ABOUT THIS EXERCISE: The records that follow are to be transcribed in full, leaving out each picture.

[[ AVAILABLE DATA, beginning ]]

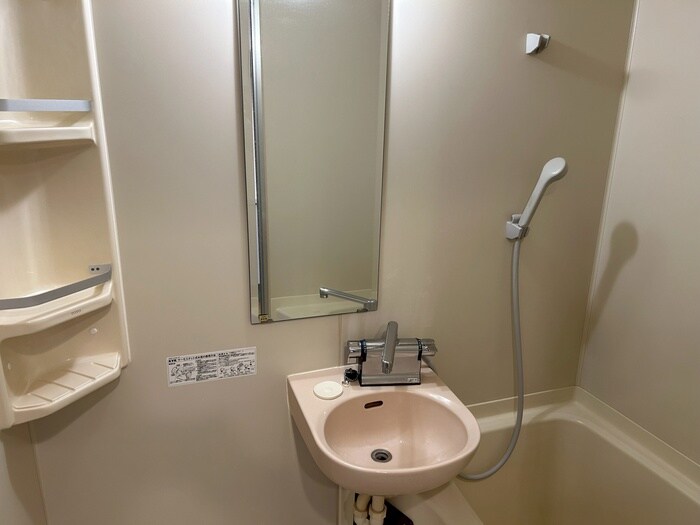 物件内観写真10　(洗面)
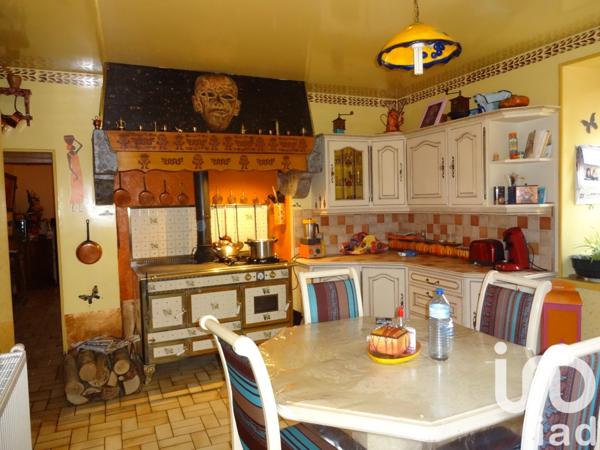 Maison à vendre 10 pièces 240 m² Montbozon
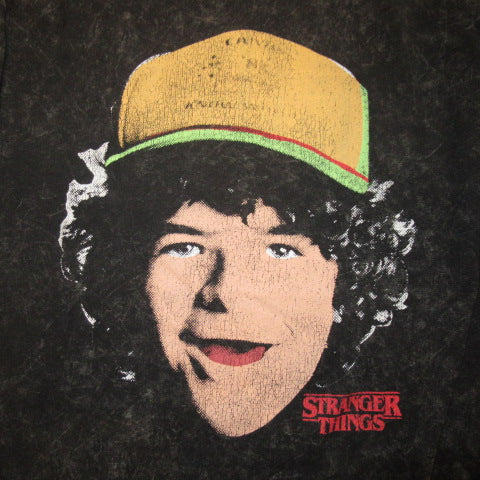 STRANGER THINGS★ストレンジャーシングス★Dastin★ダスティン★HELLFIRECLUB★Tシャツ★Men's★Lサイズ★イレブン★マイク★エディ★フィギュア★人形★ぬいぐるみ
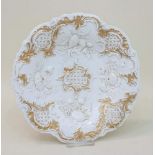 Prunkteller um 1880, Porzellanmanufaktur Meissen, Weißporzellan, mit halbplastischem floralen Dekor,
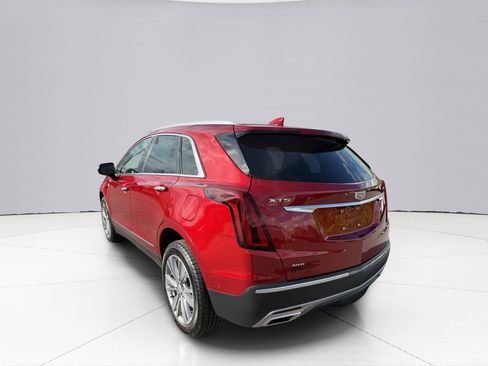 Certified 2024 Cadillac XT5 Premium Luxury w/ Platinum Package image 9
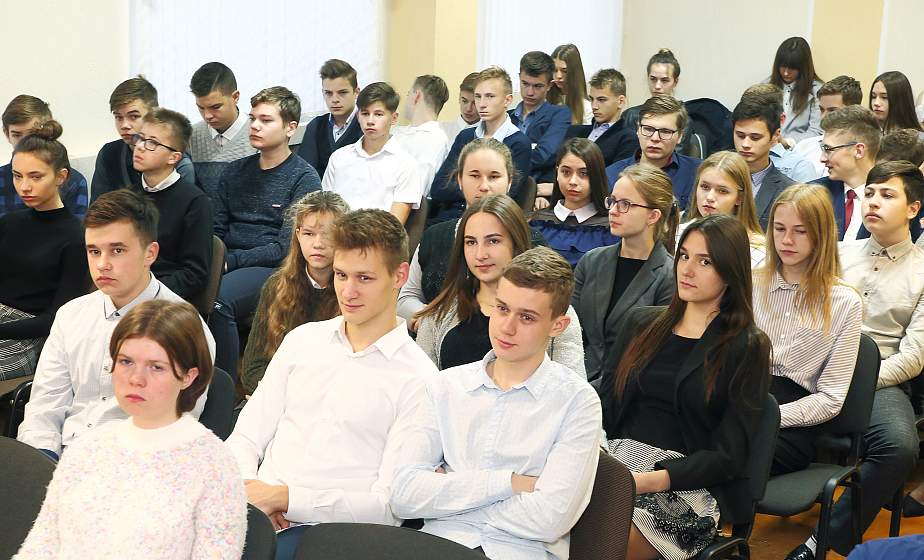 В Гродно старшеклассников готовили в будущие избиратели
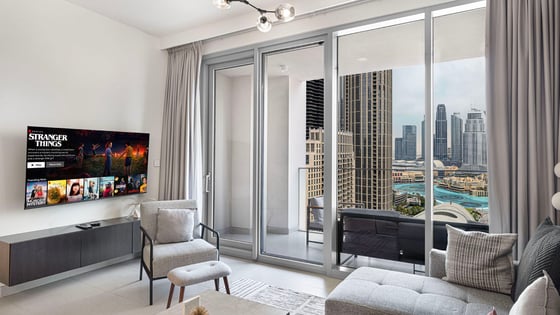 Upgraded apartment in Downtown with spectacular view, picture 4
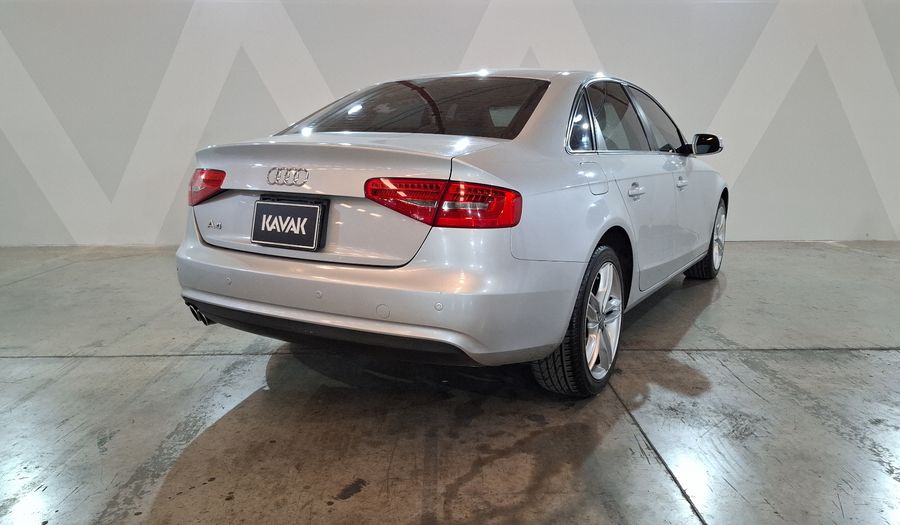 Audi A4 1.8 TFSI TRENDY MULTITRONIC Sedan 2014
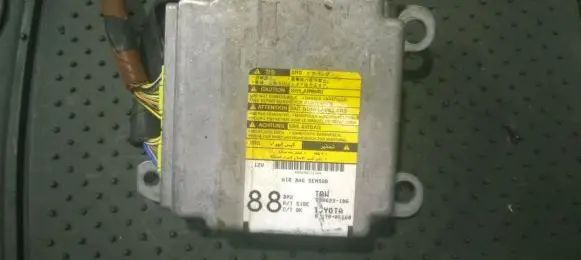 Toyota Avensis T250 Airbag control unit/module 208623106 8917005160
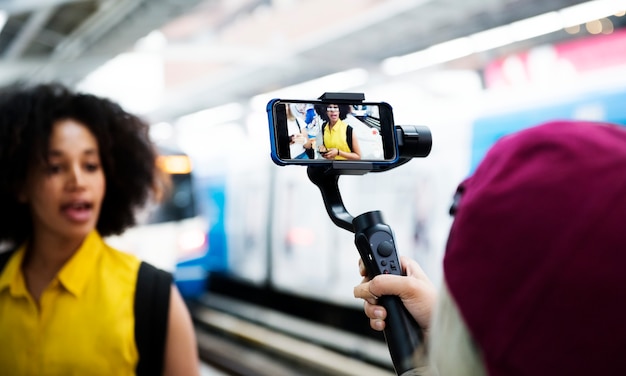 Bezpłatne zdjęcie młoda dorosła kobieta podróżuje pojęcie i vlogging ogólnospołecznego medialnego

[[ AVAILABLE DATA, end ]]

SOLUTION TO THIS PROBLEM:
 物件内観写真10　(洗面)
 Maison à vendre 10 pièces 240 m² Montbozon
 STRANGER THINGS★ストレンジャーシングス★Dastin★ダスティン★HELLFIRECLUB★Tシャツ★Men's★Lサイズ★イレブン★マイク★エディ★フィギュア★人形★ぬいぐるみ
 Prunkteller um 1880, Porzellanmanufaktur Meissen, Weißporzellan, mit halbplastischem floralen Dekor,
 Certified 2024 Cadillac XT5 Premium Luxury w/ Platinum Package image 9
 В Гродно старшеклассников готовили в будущие избиратели
 Upgraded apartment in Downtown with spectacular view, picture 4
 Audi A4 1.8 TFSI TRENDY MULTITRONIC Sedan 2014
 Toyota Avensis T250 Airbag control unit/module 208623106 8917005160
 Bezpłatne zdjęcie młoda dorosła kobieta podróżuje pojęcie i vlogging ogólnospołecznego medialnego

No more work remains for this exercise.